由于KennFalcon、AnyListen以及muxiaobai 的elasticsearch-analysis-hanlp
插件均已停止更新,不得已自己改写了一个,代码也参考了IK分词器以及Elasticsearch官方给的一些example
注意:这是一个classic plugin,不是stable plugin,每次版本变更都需要重新编译测试
- 下载仓库并编译打包
# 相关大文件(>100M)已通过git-lfs纪录在.gitattributes
git clone https://github.com/Y2k38/analysis-hanlp.git
cd analysis-hanlp
./gradlew build
- 执行命令安装
cd /path/to/elasticsearch
./bin/elasticsearch-plugin install file:///path/to/analysis-hanlp/build/distributions/elasticsearch-analysis-hanlp-x.y.z.zip
- 文件权限hack
ES现仅支持read、readlink权限,但hanlp程序需要读写缓存文件。
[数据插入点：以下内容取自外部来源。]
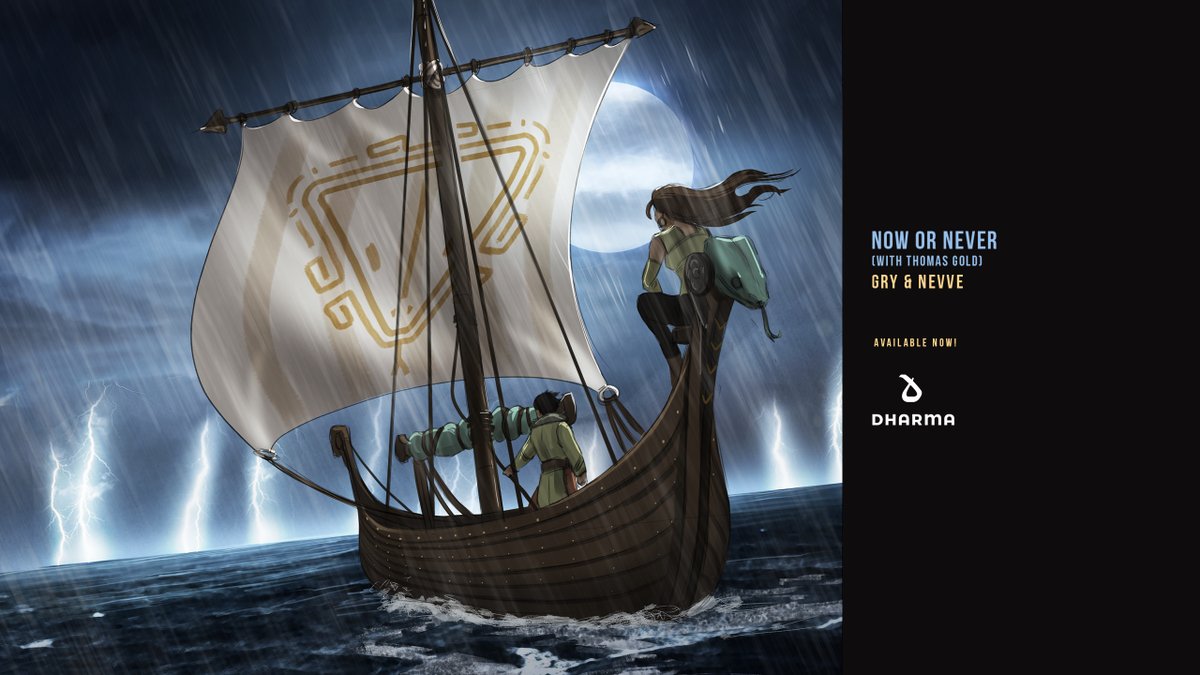 Have you listened to my latest release: NOW OR NEVER yet?

spinninrecords.com/releases/now-o…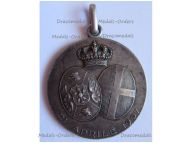Italy WW1 RN Regina Elena Battleship Patriotic Medal 1907 by Johnson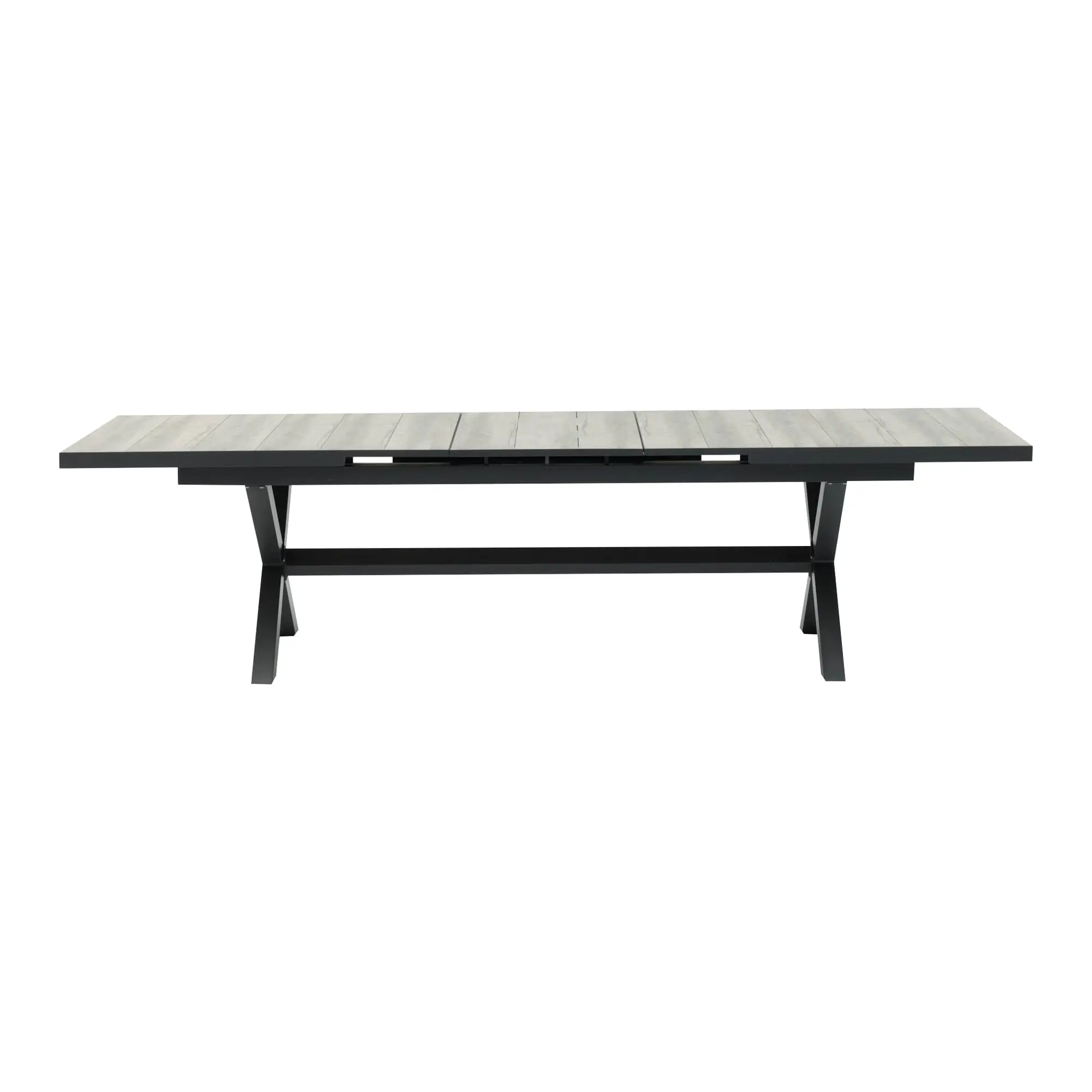 Vienna 6-10 Seat Extending Rectangular Dining Set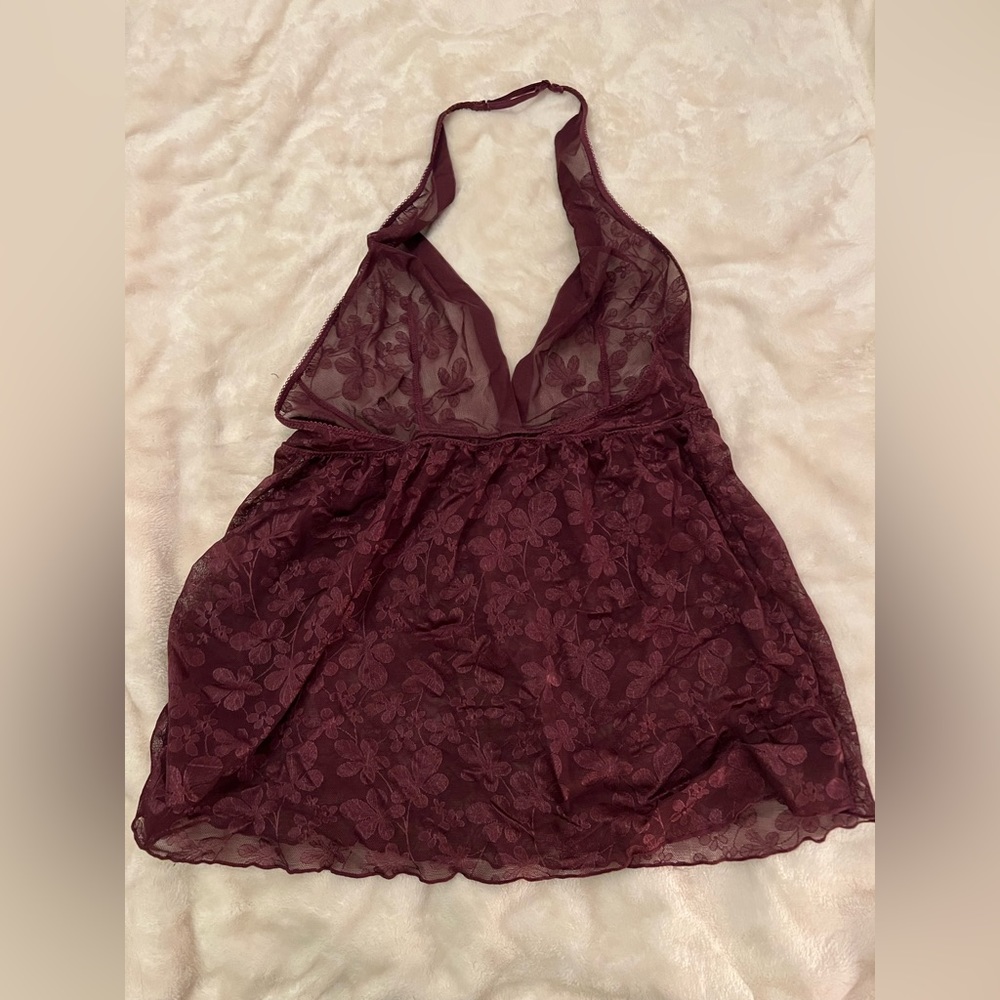 Plum babydoll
一个解决方法是,将数据放在config目录,该目录支持读写,即使是security配置只写了read,非常hack的做法
# cd /path/to/elasticsearch
# hanlp.properties配置文件已将root目录指向config/analysis-hanlp/
# 1. readlink不被允许,弃用
# ln -s plugins/analysis-hanlp/data config/analysis-hanlp/
# 2. 之所以要手动mv而不是放在config,因为es不允许config里有目录,hack
mv plugins/analysis-hanlp/data config/analysis-hanlp/
特性列表:KennFalcon/elasticsearch-analysis-hanlp
支持的分词方式有
- hanlp: hanlp默认分词
- hanlp_standard: 标准分词
- hanlp_index: 索引分词
- hanlp_nlp: NLP分词
- hanlp_crf: CRF分词
- hanlp_n_short: N-最短路分词
- hanlp_dijkstra: 最短路分词
- hanlp_speed: 极速词典分词
注意: 当前版本移除KennFalcon版本的local词典热更新
POST http://localhost:9200/twitter2/_analyze
{
"text": "美国阿拉斯加州发生8.0级地震",
"tokenizer": "hanlp"
}
{
"tokens": [
{
"token": "美国",
"start_offset": 0,
"end_offset": 2,
"type": "nsf",
"position": 0
},
{
"token": "阿拉斯加州",
"start_offset": 0,
"end_offset": 5,
"type": "nsf",
"position": 1
},
{
"token": "发生",
"start_offset": 0,
"end_offset": 2,
"type": "v",
"position": 2
},
{
"token": "8.0",
"start_offset": 0,
"end_offset": 3,
"type": "m",
"position": 3
},
{
"token": "级",
"start_offset": 0,
"end_offset": 1,
"type": "q",
"position": 4
},
{
"token": "地震",
"start_offset": 0,
"end_offset": 2,
"type": "n",
"position": 5
}
]
}